Il se gausse du gnace qu'ose pas passer sous les échelles ou qui se vote un bif de loterie le vendredi 13, mais lui il dit que c'est le « 4 » son chiffre. Et qu'il est paré lorsqu'il porte sa cravate verte à rayures noires. Il refuse les œillets et rebrousse chemin lorsqu'en sortant de chez lui il croise un enterrement. Ce qu'il estime une preuve de connerie chez les autres, pour lui ça devient une attention du Très Haut ! Un clin d'œil de la Providence. Orgueilleux comme des poux, nous sommes égoïstes à en péter, à en craquer de partout comme une châtaigne au feu. Ça fait partie de notre confort spirituel.

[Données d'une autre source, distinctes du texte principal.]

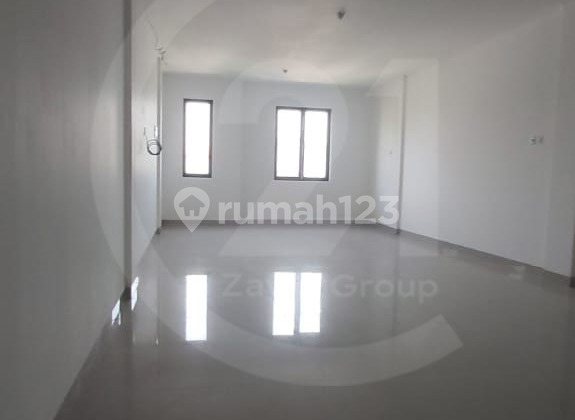 Dijula Ruko 4 Lantai Taman Sari 3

Ce sont là les signes douillets de notre immense faiblesse humaine. Faut pas lutter contre, pas les cultiver non plus, mais s'y soumettre pudiquement. Donc, le chiffre « 4 » étant à moi tout seul, je joue le « 4 » et vous serez à peine surpris si je vous dis que c'est le 17 qui sort, n'est-ce pas? Il m'arrive rarement de flamber dans une salle de jeu. Ce genre d'endroits me fait un peu honte. C'est mesquin, l'espoir de gagner, c'est même honteux, avilissant. Faut pas truquer avec la vie, les gars. Le blé ça se gagne à l'huile de coude, ça ne se gagne pas tout court. Ou alors c'est pas du vrai flouze. Il reste à l'état de bulle de savon, irisée et illusoire. La preuve, ceux qui le gagnent le reperdent, y a une morale dans l'immoralité.

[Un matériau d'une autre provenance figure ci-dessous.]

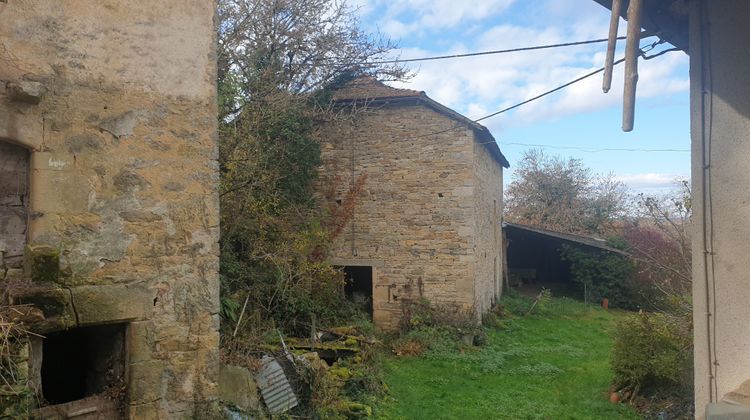 Ma-Cabane - Vente Maison Parisot, 80 m²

Quand je joue je ne me paume pas dans des savantes combinaisons. La martingale, c'est bon pour mon imperméable. Je mise au numéro. Tout ou rien, quoi ! Je balance encore une demi-douzaine de plaquettes, sans obtenir le moindre résultat.
Ça commence à me faire tarter. J'ai conscience de m'unir à la cohorte des anxieux du tapis vert en virgulant ainsi mon pognon, plaque par plaque, comme on jetterait les tuiles de sa masure.

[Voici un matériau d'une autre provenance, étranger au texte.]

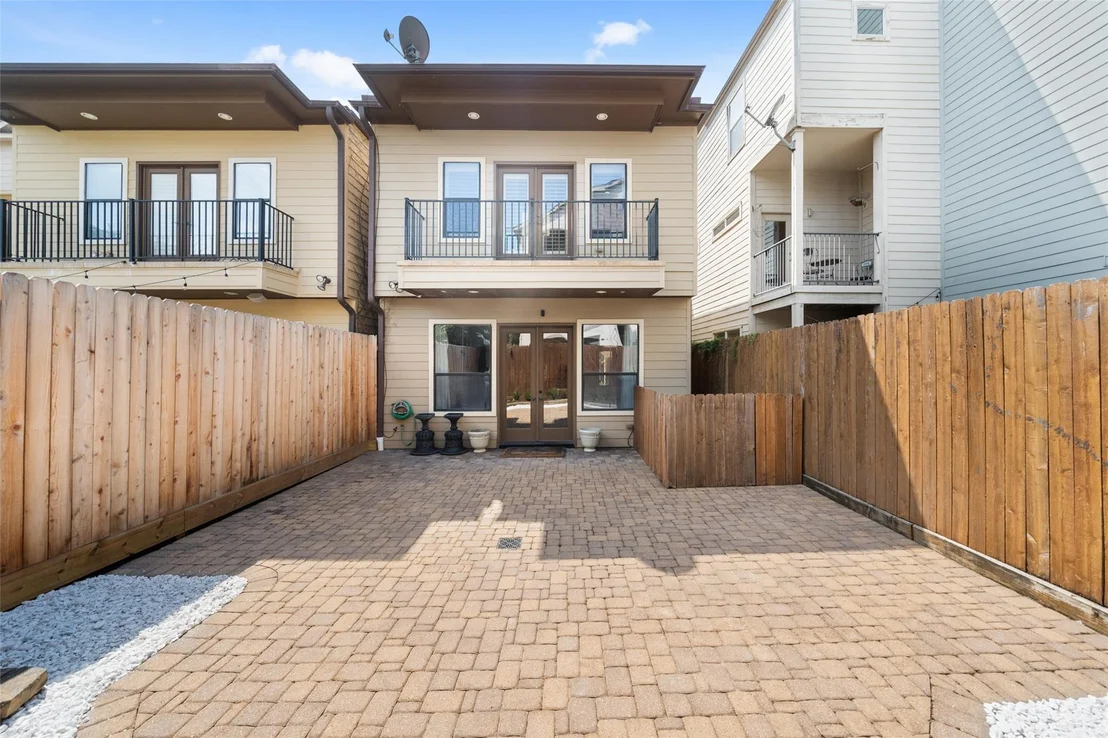 Photo of 216 Malone Street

Je prends ce qui me reste et le jette sur le « 4». Le croupier déclare que rien ne va plus (ce qui est également mon avis) et lance la boule dans le baquet. Elle roule, trépide, tressaille, sautille et finit par tomber dans l'alvéole numéro « 4». J'ai une bouffée de contentement, pas à cause du gain, mais parce que je me sens confusément touché par la grâce, atteint de clairvoyance, quoi !
Je ramasse le paquet de plaques qu'on pousse dans ma direction et je me lève. Je viens de me faire près de deux cents raides. Y a de quoi se déboussoler la pensarde. Comme je quitte mon siège, je me trouve nez à nez avec une gonzesse comme on n'en rencontre que dans les livres (les miens de préférence). Elle devait me regarder miser car elle me sourit gentiment et murmure :
— Vous êtes un sage.
— Ça dépend des moments, je lui rétorque en l'enveloppant d'un regard qui doit lui tenir chaud de partout.
Elle s'assied à ma place et joue quatre numéros. Par politesse, j'attends un instant, par politesse et aussi pour pouvoir renifler son bath parfum et lui contempler le décolleté. La fille est blonde, avec les cheveux courts. Très bronzée. Des roberts affûtés au taille-crayon ; bref je n'aurais pas besoin de prendre de l'huile de foie de merluche ou de me chatouiller la thyroïde avec une plume de paon pour qu'elle devienne très vite mon genre. Elle perd, rejoue, reperd tandis que je la repère en rêvant de l'embarquer dans mon repaire…
— Ça n'a pas l'air de bien se présenter, lui dis-je à l'oreille.
— Vous avez une recette à m'offrir? elle demande sans se retourner et en misant quatre autres numéros.
— Une recette non, mais du Champagne si le gosier vous en dit.
Elle fait comme si elle n'avait pas entendu ma proposition. Je vois ce que c'est : une bégueule. Le genre de nana qui vous sourit mais qui se drape dans son quant-à-soi si on a le malheur de vouloir nouer des relations, fussent-elles purement diplomatiques.
Je n'insiste pas. San-A., vous le savez mes belles, c'est pas le genre crampon. Les sœurs c'est comme les godasses : ça va ou ça ne va pas. Quand ça va, ça va bien, mais quand ça ne va pas je laisse quimper.